Selenium automation page load extremely slow for Premium posts
Nice work, thanks for this libary. Getting a performance issue here - pages are taking forever to load in Selenium / Edge... but do load eventually. Here's my stats currently running after nearly an hour:
4%|███████▉ | 16/387 [43:24<18:02:09, 175.01s/it]
(Line 434: self.driver.get(url) ) taking forever - Edge automation just shows spinning wheel on tab with page apparently fully loading eventually.
I wonder if Substack have implemented anti-bot measures do you think? Have tested network connection, very fast and pages loading fine in BeautfulSoup. Apologies if someone's raised this already.

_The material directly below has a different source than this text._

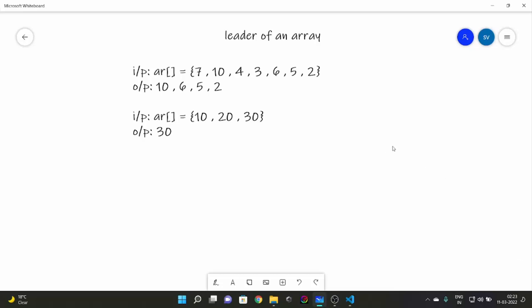Let's look at an example. The last element of an array is always going to be a leader because there is no element to its right side, so 2 is a leader. Then we see 5 — there's no element greater than 5 on its right side, so 5 is also a leader. Then we look at 6 — there's no element greater than 6 on its right side, so 6 is also a leader.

Hey @reidben - are you running a macbook with apple silicon? It seems like this might be a slowdown because it's using an Intel/x64 version of Edge.

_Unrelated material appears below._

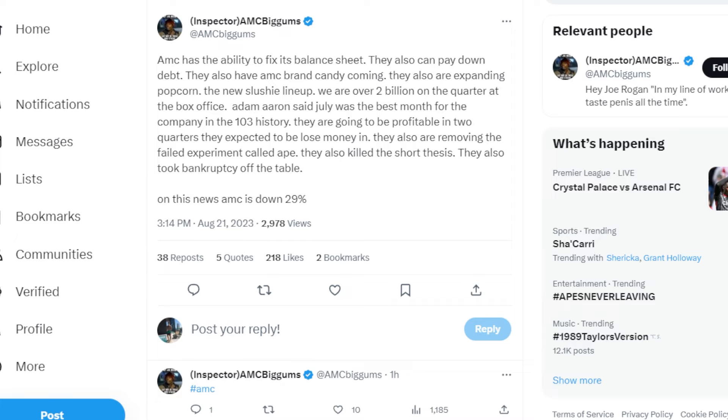AMC has the ability to fix its balance sheet and pay down debt. They also have AMC brand candy coming out and other products, expanding the popcorn and a new slushy lineup. We are over two billion on the quarter at the box office, which is promising.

I've had a bit of success switching it out for the Chrome (arm64) driver in substack_scraper.py. To do this, you need chrome installed and the corresponding chromedriver binary in /usr/local/bin (download from: https://developer.chrome.com/docs/chromedriver/downloads).
Just in case it helps - I only started using this project yesterday and am not familiar enough to offer this up as a proper solution!
- options = EdgeOptions()
- if headless:
- options.add_argument("--headless")
- if edge_path:
- options.binary_location = edge_path
- if user_agent:
- options.add_argument(f'user-agent={user_agent}') # Pass this if running headless and blocked by captcha
-
- if edge_driver_path:
- service = Service(executable_path=edge_driver_path)
- else:
- service = Service(EdgeChromiumDriverManager().install())
+ # options = EdgeOptions()
+ # if headless:
+ # options.add_argument("--headless")
+ # if edge_path:
+ # options.binary_location = edge_path
+ # if user_agent:
+ # options.add_argument(f'user-agent={user_agent}') # Pass this if running headless and blocked by captcha
+ #
+ # if edge_driver_path:
+ #
+ # if edge_driver_path:
+ # service = Service(executable_path=edge_driver_path)
+ # else:
+ # service = Service(EdgeChromiumDriverManager().install())
+ #
+ # self.driver = webdriver.Edge(service=service, options=options)
+
+ options = webdriver.ChromeOptions()
+ self.driver = webdriver.Chrome(options=options)
- self.driver = webdriver.Edge(service=service, options=options)
self.login()
Thank you @jontutcher - fantastic suggestion - the speed difference is unbelievable when using chrome based driver.
For Chrome version 134, you don't actually need to manually download the ChromeDriver anymore. Since Chrome v115+, Google has implemented a new way to manage ChromeDriver called Chrome for Testing.
The good news is that current versions of Selenium (4.x) can automatically download the correct ChromeDriver version that matches your Chrome browser. This is handled by webdriver_manager.
@timf34 - consider leveraging
from selenium.webdriver.chrome.options import Options as ChromeOptions
and updating the tool logic appropriately